▶ [Captioned web images]:
▼
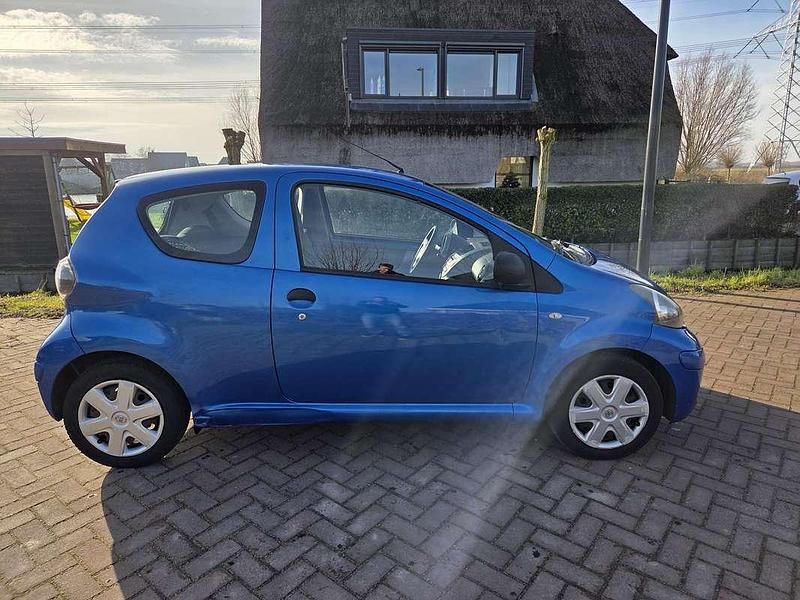 Occasion Toyota Aygo 68 PK (50 kW) 2010 Blauw Hatchback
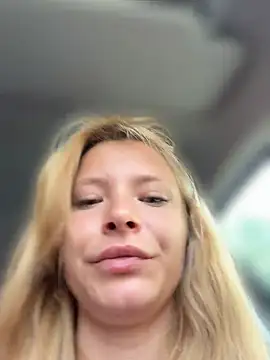 AnastasiaAniess webcam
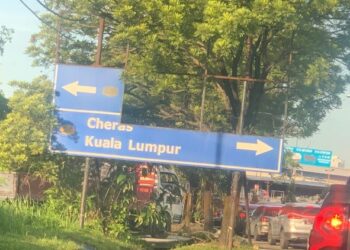 ANTARA papan tanda yang didapati rosak dan tidak dibaik pulih sejak sekian lama.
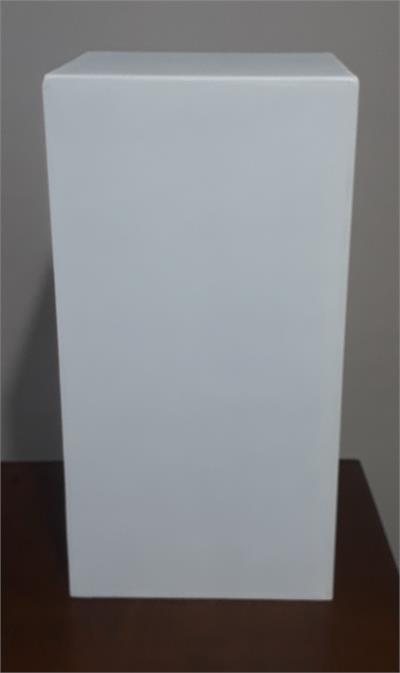 MESA CUBO G   A85X35X35CM para alugar em MACAE/RJ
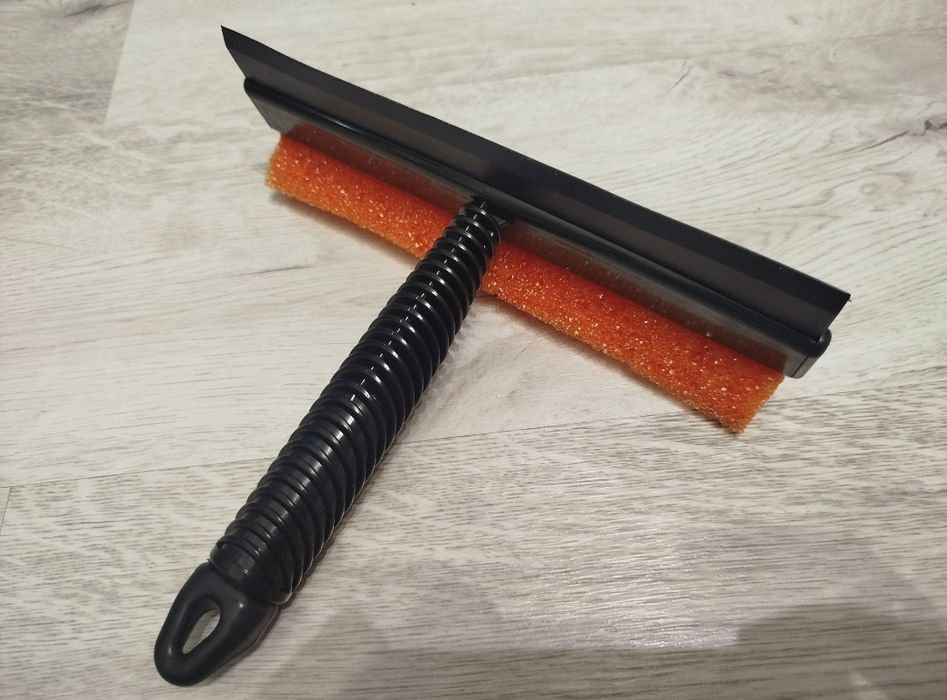 Myjka do szyb ze ściągaczką i gąbką – szerokość 24 cm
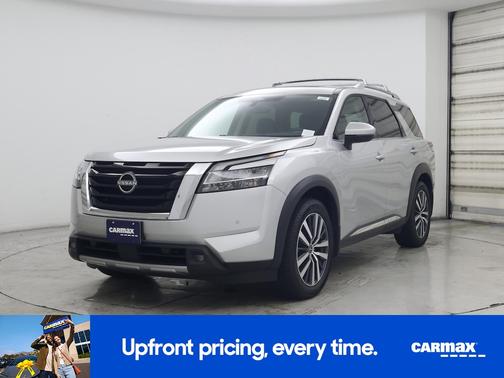 2022 Nissan Pathfinder Platinum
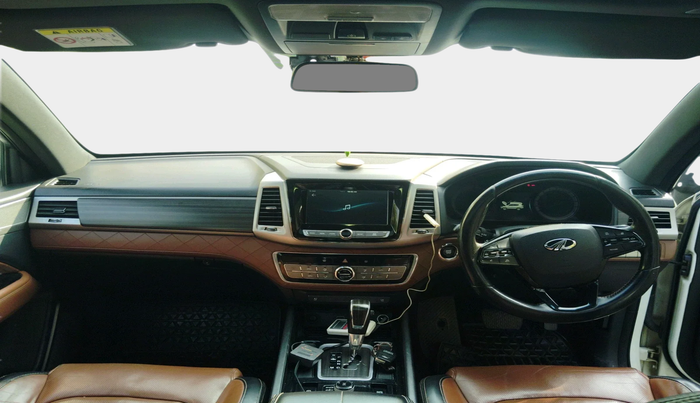 2019 Mahindra ALTURAS G4 4WD AT, Diesel, Automatic, 1,61,315 km, interior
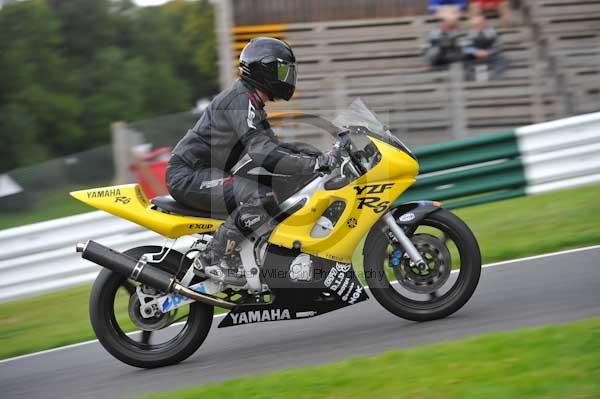 Motorcycle action photographs;cadwell;cadwell park photographs;event digital images;eventdigitalimages;motor racing louth lincolnshire;no limits trackday;peter wileman photography;trackday;trackday digital images;trackday photos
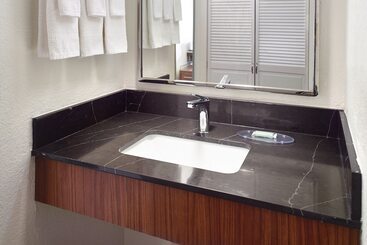 هتل Courtyard By Marriott Myrtle Beach Broadway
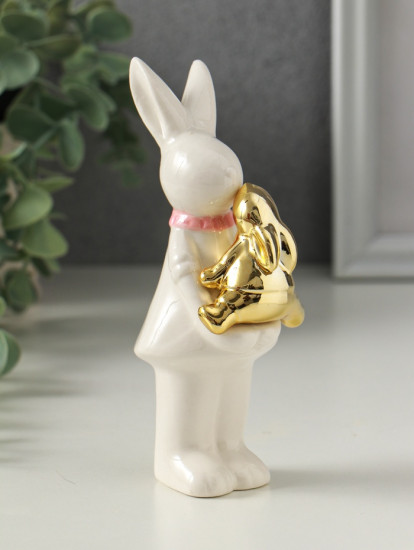 Фигурка «Зайка белая с золотым зайчонком»
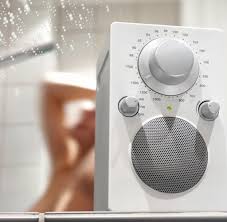 Das radio im badezimmer, die musik fürs bad, das duschradio oder auch einfach nur bad radio gehören schon seit jahren zur ausstatung eines gut gepflegten haushalts. Neue Medien Das Radio Von Heute Ist Von Gestern Welt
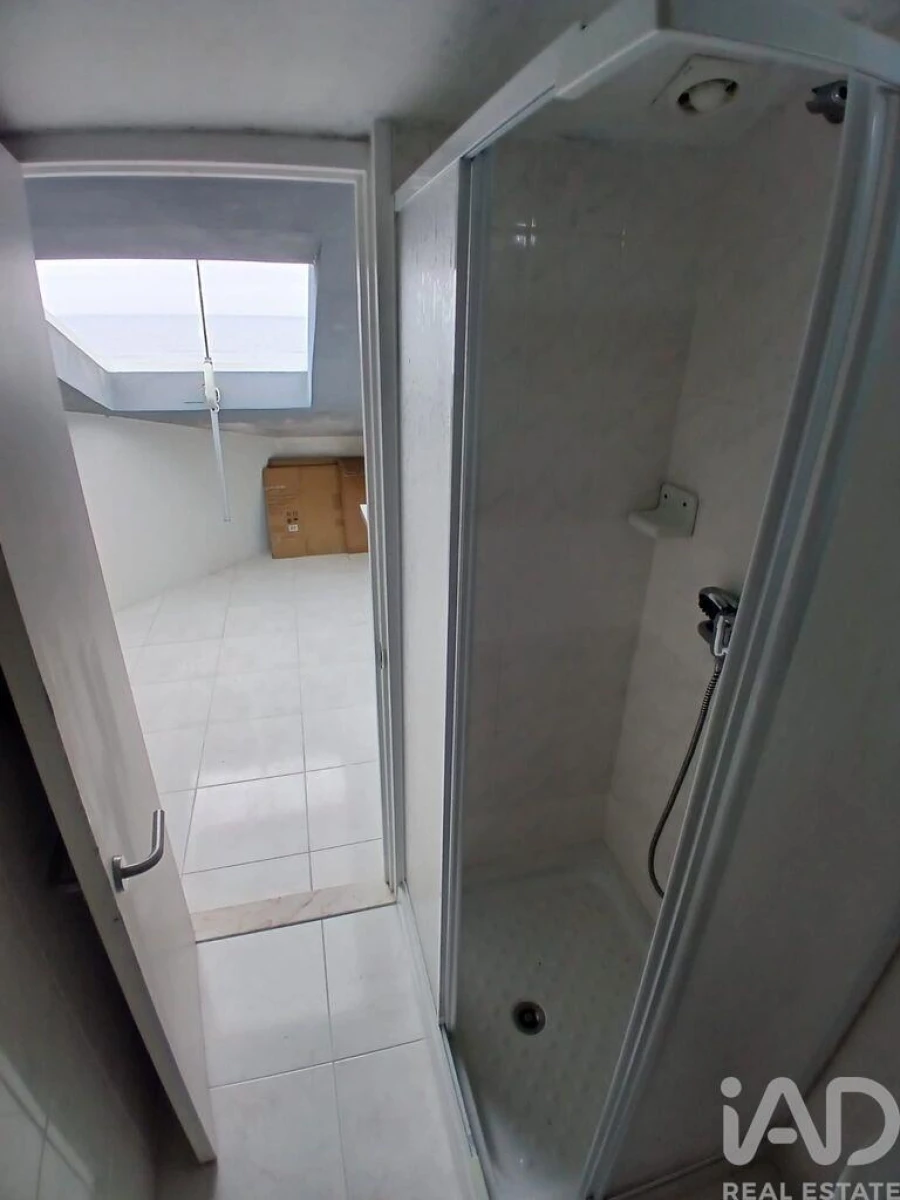 Apartamento T2 para Venda em Esmoriz Foto 21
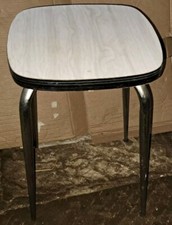 Ancien ESCABEAU / Tabouret en métal Blanc ,Tres Bon État, des année 1960/70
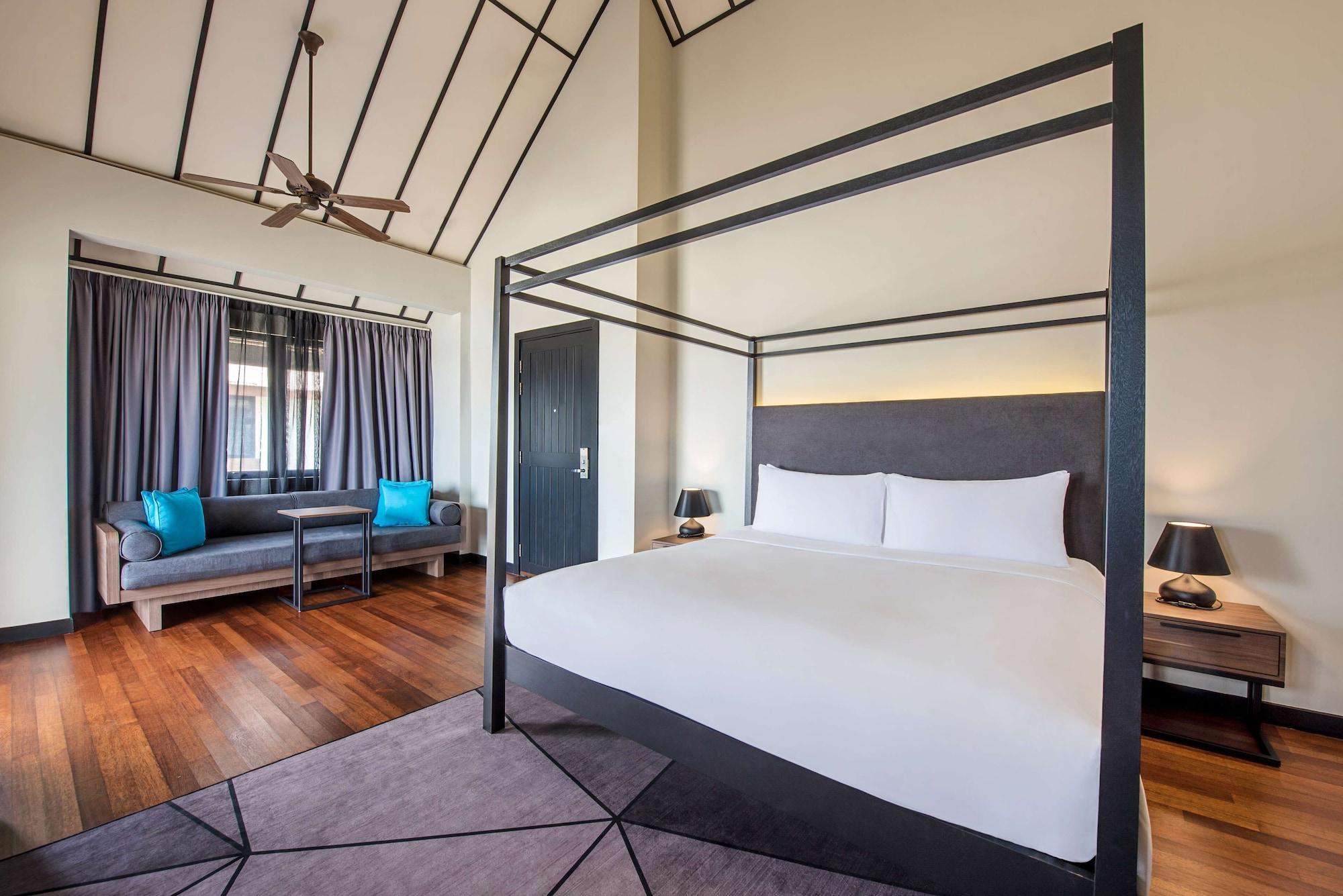 Avani Sepang Goldcoast Resort Kampong Bagan Lalang Kültér fotó A bedroom at the hotel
▲
▶ [TASK BRIEF]: In the data above, start at the line holding "Das radio im" and stop after the line holding "Ancien ESCABEAU /"; write out those lines exactly, without pictures.

▶ [EXERCISE OUTPUT]:
 Das radio im badezimmer, die musik fürs bad, das duschradio oder auch einfach nur bad radio gehören schon seit jahren zur ausstatung eines gut gepflegten haushalts. Neue Medien Das Radio Von Heute Ist Von Gestern Welt
 Apartamento T2 para Venda em Esmoriz Foto 21
 Ancien ESCABEAU / Tabouret en métal Blanc ,Tres Bon État, des année 1960/70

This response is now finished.